Por fim, o Miles Morales, que tem história nos dois volumes, mas prefiro comentar tudo em conjunto. Pontos bónus já de entrada para a arte super-realista, que me encantou deveras, e dá um sentido terra-a-terra à história do Miles. Que é tão interessante e fofo e sei lá o quê. De certo modo é como se estivéssemos a rever alguns dilemas do Peter sob uma nova lente.

O Miles é alguém diferente, com um percurso de vida diferente e um objectivo diferente, mas encontra os mesmos problemas. As dificuldades na escola por causa da sua vida dupla, o resistir a correr para a refrega assim que ouve sirenes a passar, os conflitos com a família (só o pai sabe que ele é o Aranha) - que têm uma evolução hilariante, já que a avó materna é uma abuelita latina duríssima que está pronta a saltar para conclusões e achar que ele está metido com raparigas. Ou com drogas.

Outra coisa interessante que notei nestes poucos números é a reflexão de alguns parâmetros que podem fazer alguém ser considerado, hmm, "diferente", e como isso condiciona a sua experiência. O Miles fica frustrado quando o seu fato é rasgado e as pessoas percebem que ele não é branco, porque não quer ser conhecido como o "Aranha negro". O seu companheiro de quarto, o Ganke, discute com ele o que é ser gordo e como isso o marginaliza a ele.

E o Ganke faz o Miles "sair do armário" superheróico à frente de outra pessoa, um mutante que vai para a escola deles, o que é compreensivelmente frustrante para o Miles. Na comunidade super-heróica só a Kamala sabe, creio eu. (Nota tangente para rapazes adolescentes e a sua necessidade de se revelarem à Kamala. O Nova fez o mesmo. Ai, essas hormonas adolescentes...)

O que quero destacar com isto é que estas questões são apresentadas sob vários prismas, debatidas, mas tal como estes jovens ainda estão a formar opiniões sobre o mundo, também não nos é apresentada nenhuma verdade universal sobre elas, o que gosto de ver.

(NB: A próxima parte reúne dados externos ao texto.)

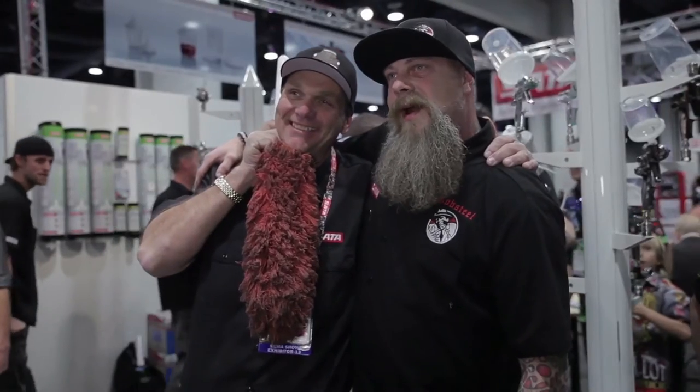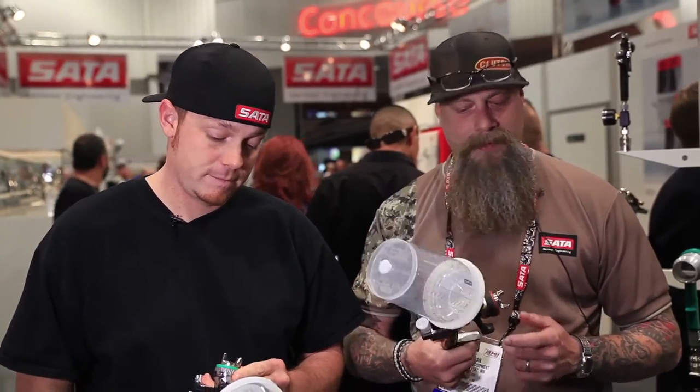The 4000 is an awesome spray gun. It's reliable, you can abuse it, and it keeps coming back and just painting like you'd never painted before.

Pequenos destaques: o pai do Miles costumava ser um agente SHIELD; o comentário sobre ter superpoderes e existir num mundo onde têm de ser usados (apropriado ao espírito dos tempos que passamos); a questão da fangirl deste Aranha, que é gira mas podia ser menos irritante; e a "bênção" do Peter como Aranha a este Aranha, depois do Miles ter derrotado um demónio que deu água pela barba ao resto dos Vingadores.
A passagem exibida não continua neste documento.